狱卒低声说:“没结,不过他使了钱,回家过年,出了正月再回来。”
“你倒不怕他跑了?”
“害!跑了也有上头顶着。”
祝缨更加惊讶了:“少尹居然答应了?”
狱卒恹恹地道:“少尹啊,他被参了。”
祝缨吓了一跳:“怎么了?”
狱卒道:“还能怎么?查到太后娘家侵占民田,非让国舅吐出来。太后跑到陛下面前哭。”
然后少尹就被停职反醒了。
所以祝缨对门那个就出钱疏通了关系,现在可以回家了,而祝缨,因为下令的是别人,她也不是犯案进来的,还得在这儿关着。
祝缨试探着说:“快过年了,我在牢里身无长物,这个年可怎么过?总要叫家里送些钱过来才好过年吧?”
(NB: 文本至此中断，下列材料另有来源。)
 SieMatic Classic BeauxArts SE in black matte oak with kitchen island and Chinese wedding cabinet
狱卒道:“行吧,叫人送些衣物来也可以。你不能走,不能传递消息!”
祝缨道:“好。”央了狱卒去自己家,找祝大和张仙姑来见自己,如果家里没有,就请他去客栈留讯。
狱卒也答应了。
等到狱卒轮番休假的时候,先按地址去祝缨家,没想到家里没人。只好去了客栈,祝大正在客栈里等着。狱卒留讯的时候他听到了,跳起来说:“我就是祝大,有什么消息?”
狱卒问他:“你大儿子叫什么名字?”
祝大道:“他哪有名字?”
狱卒道:“是了,是你了。叫上你女人,带些衣服、吃的,带几串钱,跟我去见你儿子吧!”
………………
起初,祝大和张仙姑以为祝缨几天就能回家了,哪知道等了十几天,连片影子也没见着。他们以为郑熹会很快回来,到时候在客栈里等着甘泽或者金良,也就能救出祝缨了,不想郑熹现在也还没回来!
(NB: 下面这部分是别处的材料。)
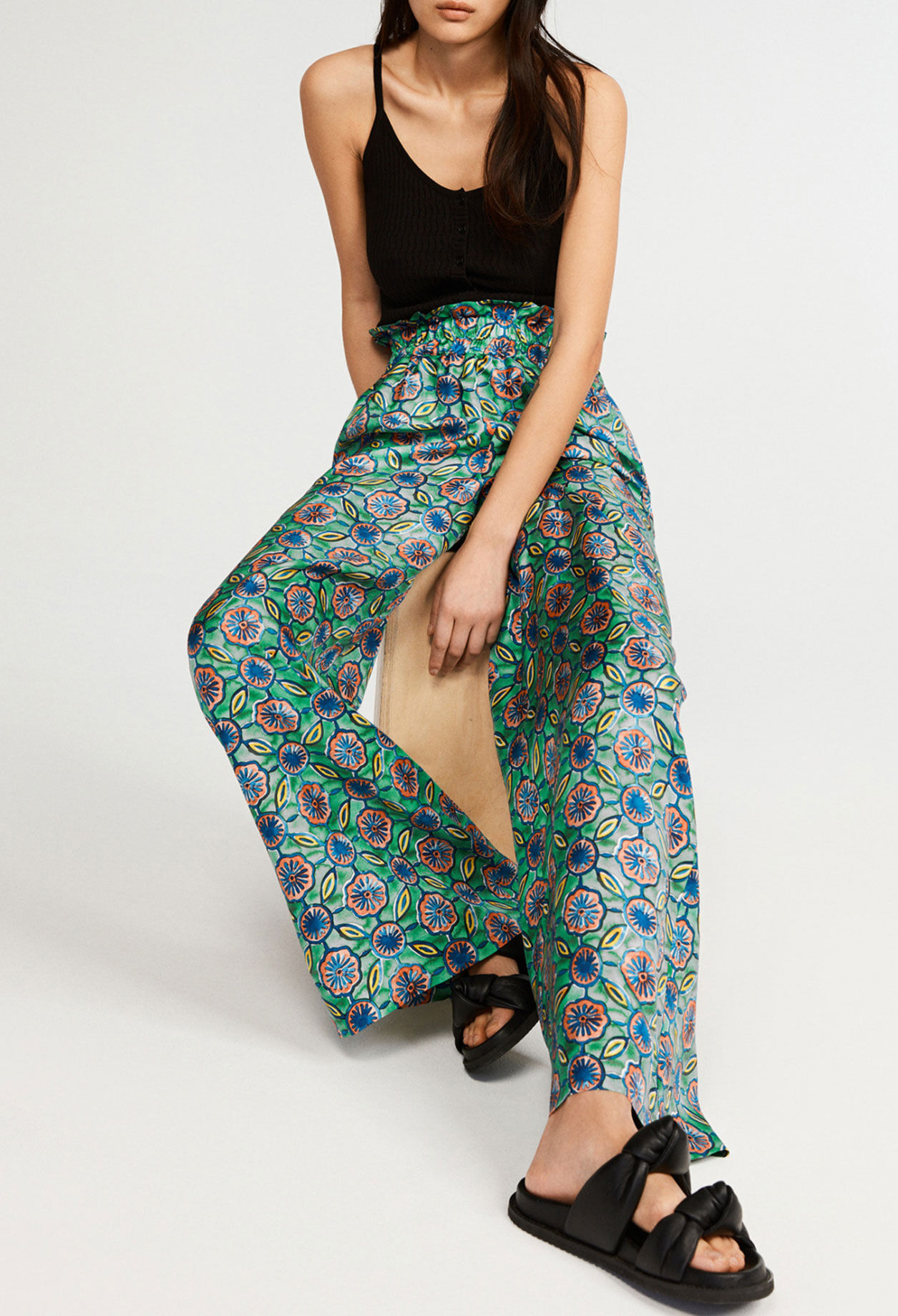 Pantalón de campana estampado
两人急得像热锅上的蚂蚁,在京城又毫无门路,只好流轮在客栈里等着,另一个人去各个衙门边儿上乱蹿。连打听消息都不知道从哪里打听起。先说是半夜抓的人,京兆府门上还算亲切,说,那天晚上他们没有抓人回来。
两人有点慌,明明是抓走了的!又想,难道什么贵人给抓私牢里去了?!可他们连周游住哪儿都不知道,只能满京城地打听。好歹算打听到了周游的住处,没敢直接闯进去,就在门外周围问,也说,并不曾带人回来。
两人没了计较,眼见得一天天过去了,还有几天就要过年了,街上行人个个喜气洋洋,周围邻居家家张灯结彩,张仙姑白天跑到街上,晚上哭半夜。
终于!
听了消息,两口子也顾不得这许多了,回家收拾了一个包袱。狱卒让他们到自己的值房里,再唤来了祝缨,至此,一家三口总算是见上面了。
祝缨看张仙姑两鬓添了许多白发,人黄瘦了许多,祝大的腰更弯了。两人的衣服都有些脏破了,想是这些日子以来没空打理。张仙姑两口子看女儿,头发也毛了脏了、身上囚服发污,囚服里面的衣服也又脏又皱。人更是瘦了一圈儿。
张仙姑抱着女儿就要哭,祝大也忍不住落了泪,狱卒道:“小点声!”
张仙姑赶紧擦了泪,看女儿这一身狼狈的样儿,在她跟前的时候,她都把女儿收拾得干干净净的,现在倒好,这一身的味道……她说:“快,换上……”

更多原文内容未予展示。